Doyle Dee Jones v. Al C. Parke, Warden

734 F.2d 1142 | 6th Cir. | 1984

Lead Opinion

*1144LIVELY, Chief Judge.

In this appeal from dismissal of a habeas corpus petition the petitioner contends he was denied effective assistance of counsel when he pled guilty during the course of a felony trial.

I.

Petitioner and a co-defendant were each indicted by a Jefferson County, Kentucky grand jury on three charges of robbery, two of assault and one of being a previously convicted felony offender. At arraignment on July 30, 1979 petitioner appeared with retained counsel and pled not guilty to all charges. His case was set for a joint trial with the co-defendant on August 29. Petitioner was incarcerated in the state reformatory at this time as the result of an earlier conviction. On the trial date, August 29, petitioner’s retained counsel moved to withdraw and the trial court granted the motion, noting on the record that petitioner had “fired” his attorney. The court then reset the trial date to November 7. Rather than returning petitioner to the state reformatory the court remanded him to the Jefferson County jail so he could hire another lawyer. The county jail is in Louisville, petitioner’s home. The trial judge advised petitioner that he would not grant a further continuance if he fired another attorney.

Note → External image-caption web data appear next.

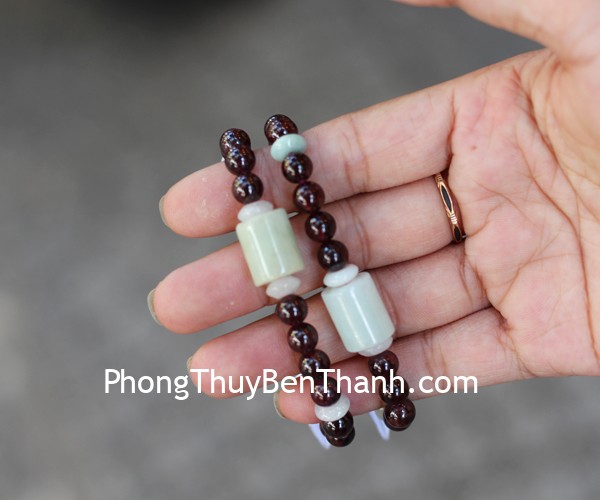 s6689-chuoi-hat-phi-thuy-co-tru-2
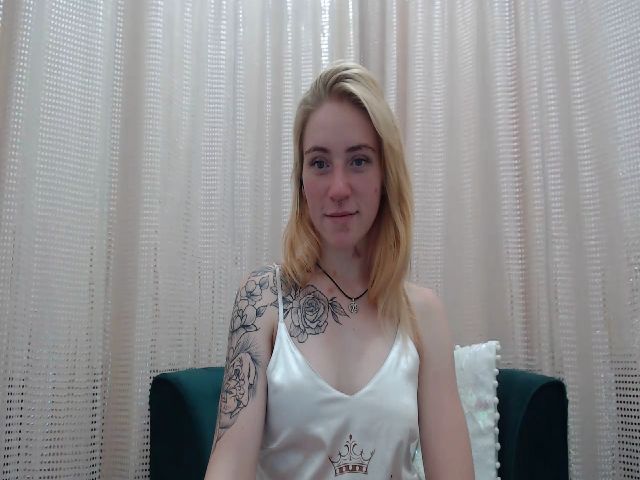 Live sex webcam photo for RedBerryy #268597857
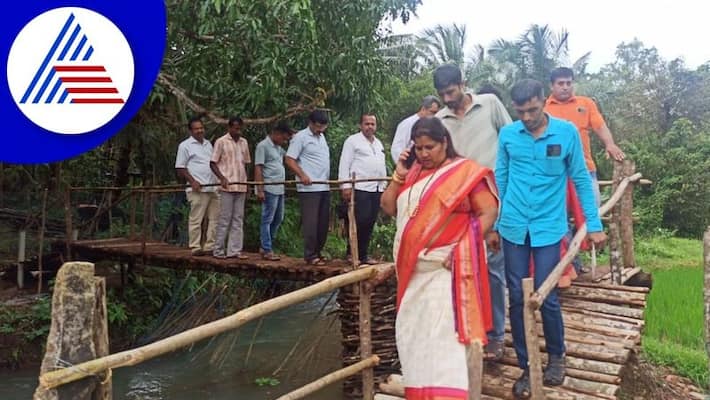 Mla Roopali Naik Constructs Foot Bridge For Padmashree Awardee Tulasi Gowda House gvd Mla Roopali Naik Constructs Foot Bridge For Padmashree Awardee Tulasi Gowda House gvd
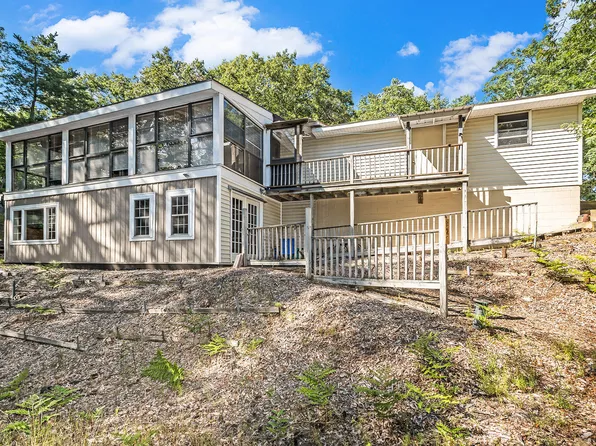 921 N Hancock St, Pentwater, MI 49449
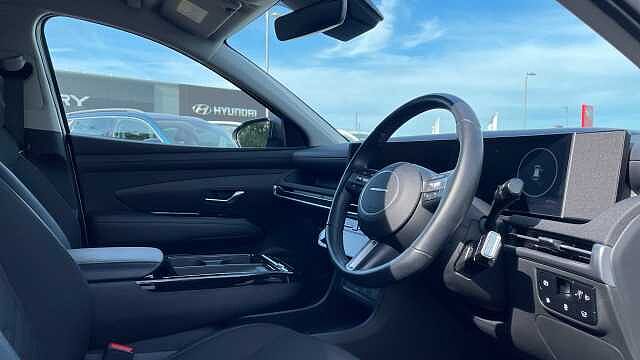 Hyundai TUCSON 1.6 T-GDi 13.8kWh Premium SUV 5dr Petrol Plug-in Hybrid Auto 4WD Euro 6 (s/s) (2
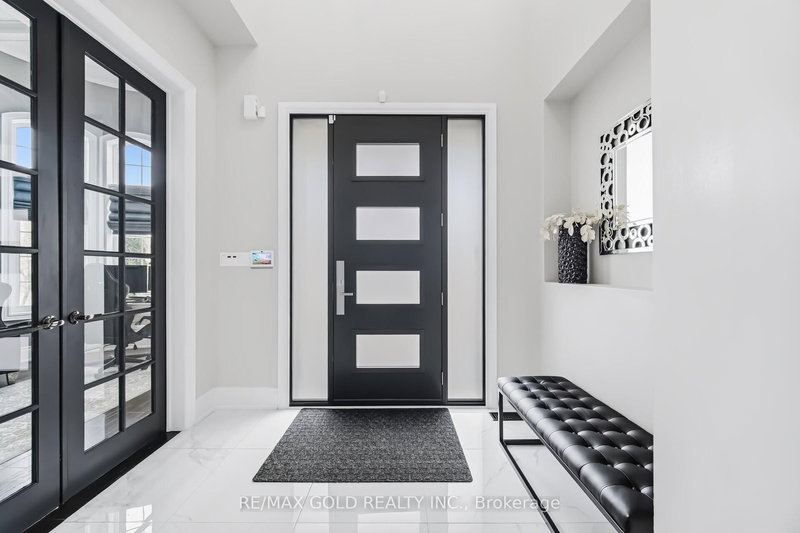 4 Spain Cres, Brampton, L6P 4G8 | Image 2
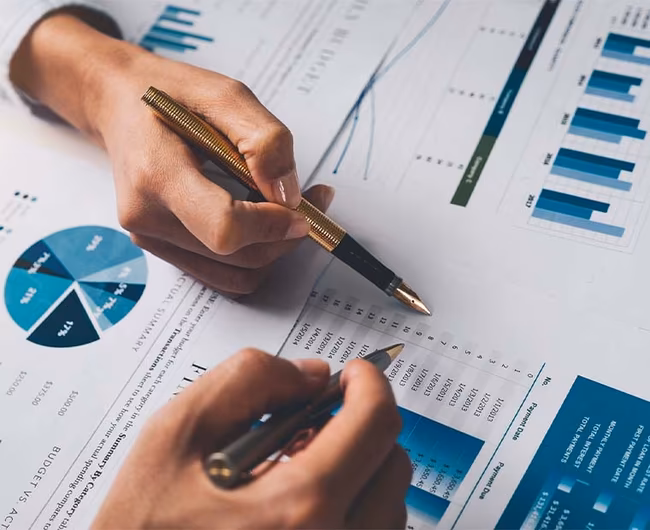 Top 10 Tips From Financial Experts To Help You Save Money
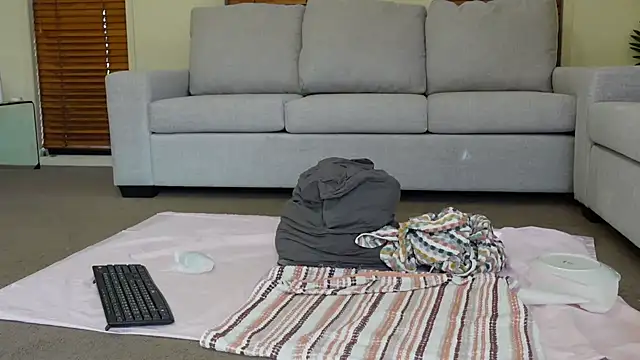 Snapshot of asian_pina chatting on 09/10/25, 11:04 asian pina online show from 09/10/25, 11:04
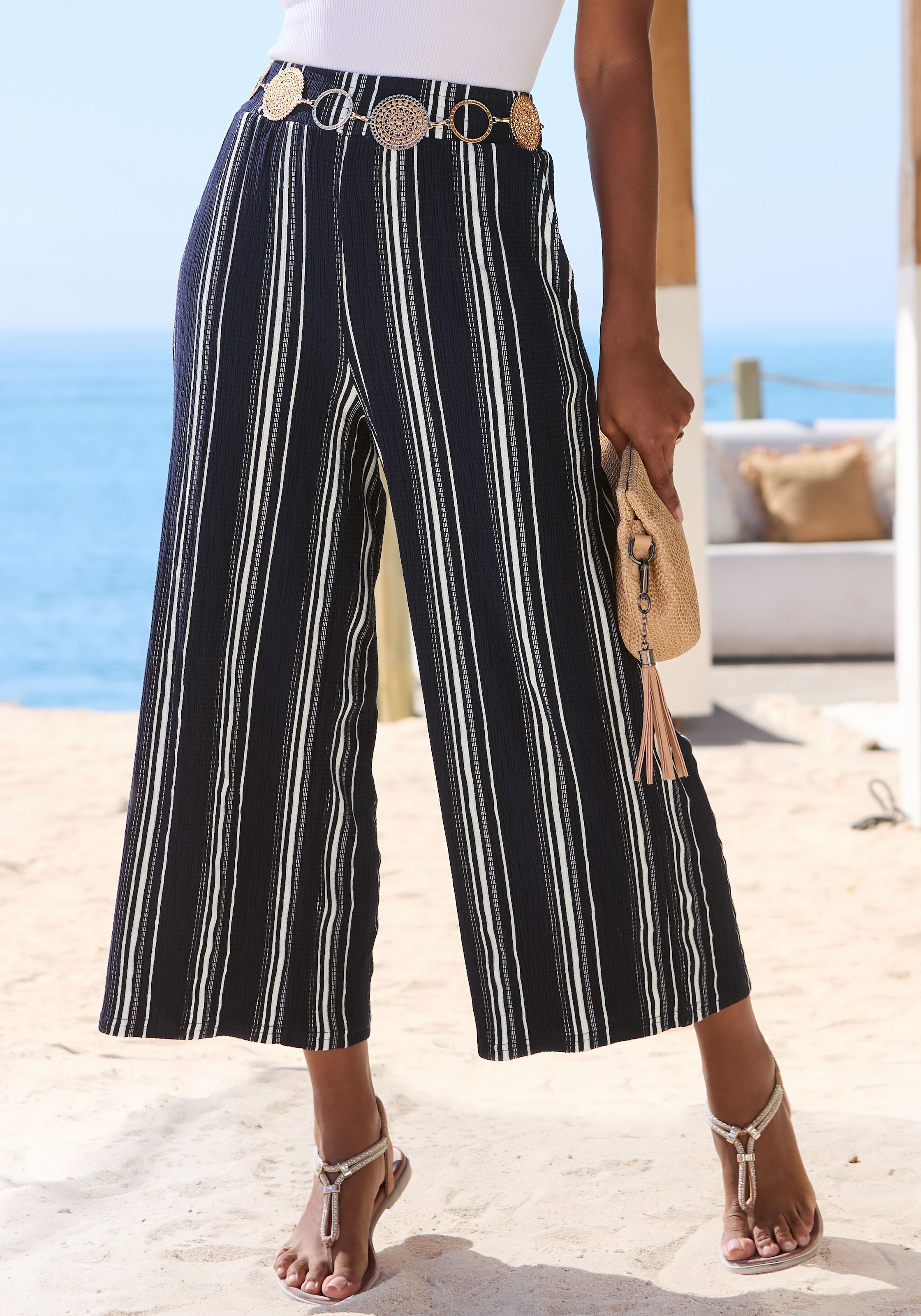 LASCANA 7/8-Hose »mit locker-luftigem Bein«  aus strukturierter Ware, sommerliche Schlupfhose, Strandhose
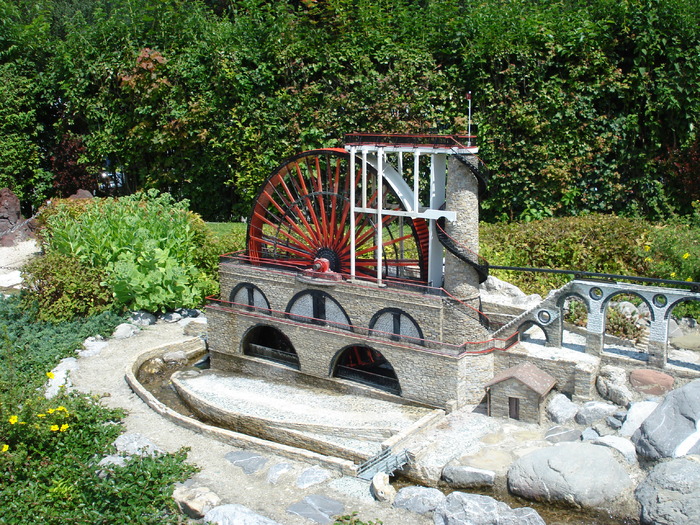 Lady Isabella WaterWheel; Greater Laxey Wheel, Laxey, ISLE of MAN. minimundus.at.

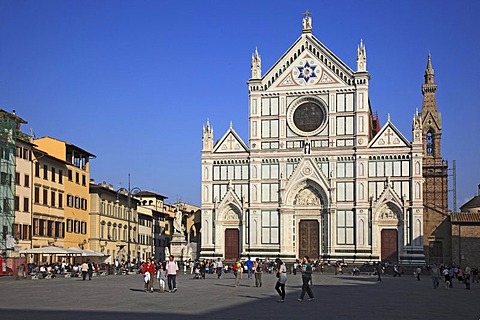 Franciscan church of Santa Croce at the Piazza Santa Croce in Florence, Florence, Tuscany, Italy, Europe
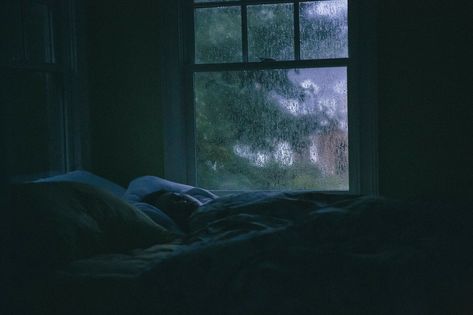 Gloomy Morning Aesthetic, Early Dark Morning Aesthetic, Early Night Aesthetic, Early Morning Aesthetic Dark, Dark Morning Aesthetic, Cloudy Day Aesthetic, Thunderstorm Aesthetic, Early Morning Aesthetic, Aesthetic Cozy Bedroom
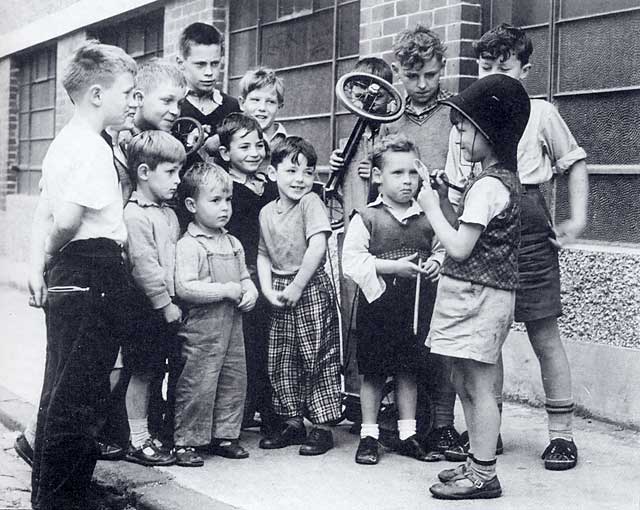 Children in Fort Street, Leith  -  1957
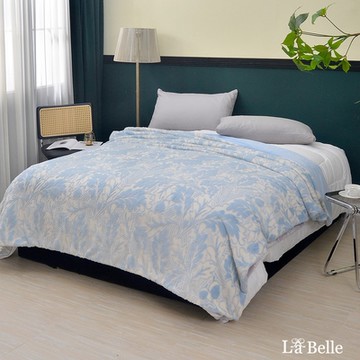 【Great Living格蕾寢飾】義大利La Belle 秋葉浮影 加大雕花雙人毯200*230CM(共兩色)-藍色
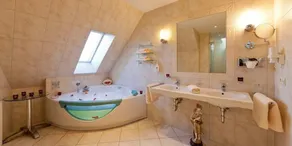 Hotel Augusta Am Kurfürstendamm - Bathroom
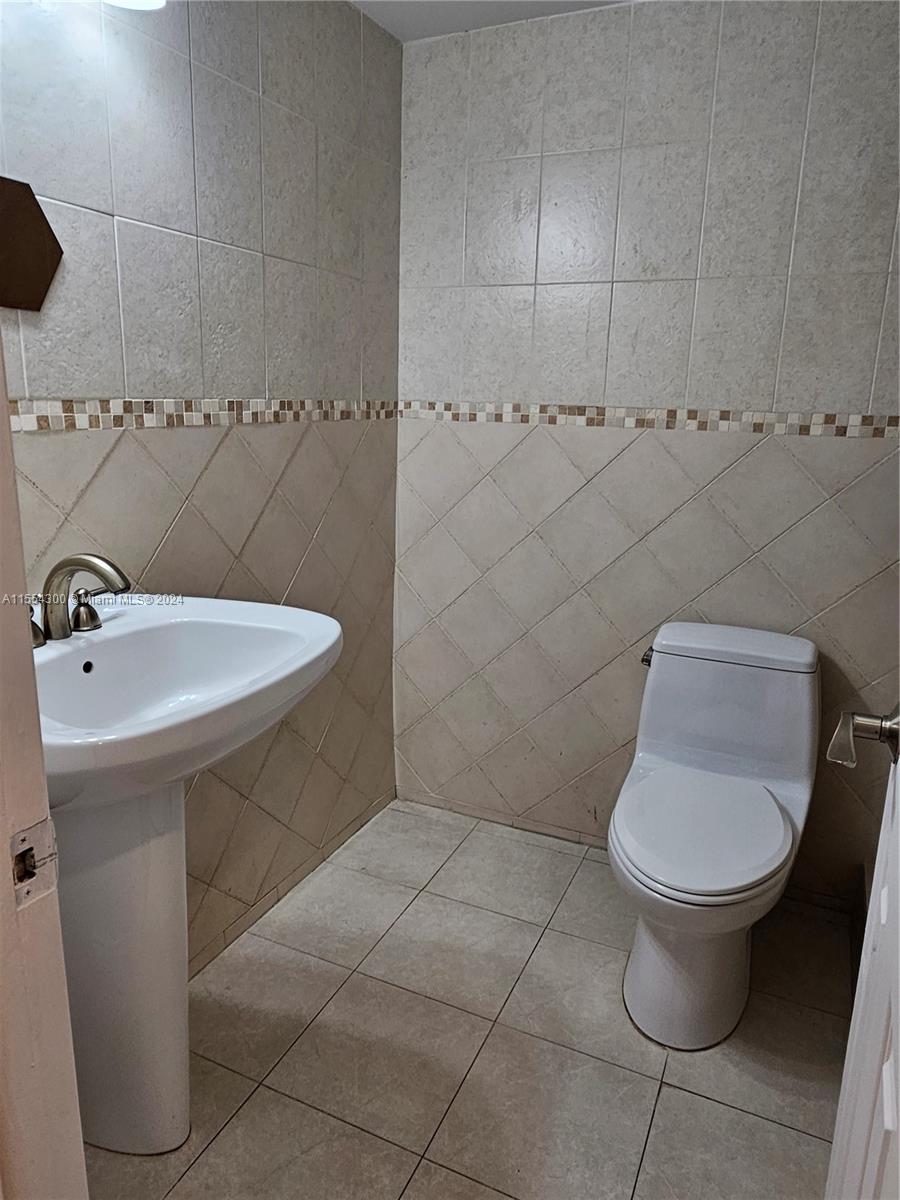2800 N 46th Ave A310, Hollywood, Florida 33021, 2 Bedrooms Bedrooms, ,2 BathroomsBathrooms,Residential,For Sale,2800 N 46th Ave A310,A11554300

On November 7 the petitioner appeared without counsel and the trial began. The co-defendant was represented by retained counsel. The certified record of the Jefferson Circuit Court, where all the proceedings took place, contains no request for the appointment of counsel to represent petitioner and no affidavit of indigency. Nor does it contain a motion for further continuance. After the Commonwealth had completed its case, while the jury was excused, the prosecuting attorney approached petitioner and offered to drop the persistent felony offender charge, which carried a maximum sentence of life imprisonment, if petitioner would plead guilty to the robbery and assault charges. The prosecutor told petitioner that the jury would likely convict and that he probably would receive a life sentence if he did not change his plea.

In the words of the habeas corpus application, “the petitioner then decied [sic] to plead guilty, thereafter the commonwealth attorney stepped outside and returned with a public advocate who knew nothing of the case and only stood end [sic] only for the plea.” Petitioner then executed a “Plea of Guilty” form after making a number of alterations on its face. A copy of the altered form is included as an appendix to this opinion. It is clear that petitioner did not consider the public advocate, David S. O'Brien, to be his attorney. Nor did Mr. O’Brien consider himself petitioner’s appointed attorney. Nevertheless, petitioner acknowledged that he fully understood all the charges, that he had been advised of the maximum penalty, that he understood his constitutional rights and “[t]here is nothing about the proceedings in this case against me which I do not fully understand.” Further, petitioner acknowledged his guilt and made no claim of innocence. However, petitioner’s alterations also indicated that he was dissatisfied with the amount of time allowed for consultation with O’Brien and that they did not discuss the facts of the case or possible defenses. Attorney O’Brien wrote on the form that he “stood in” with petitioner and, “[although I am totally unfamiliar with the facts of this case, I have advised the defendant of his rights and also the punishment that he faces in entering the plea.” The record contains no transcript of a colloquy between the judge and the petitioner with respect to the guilty plea.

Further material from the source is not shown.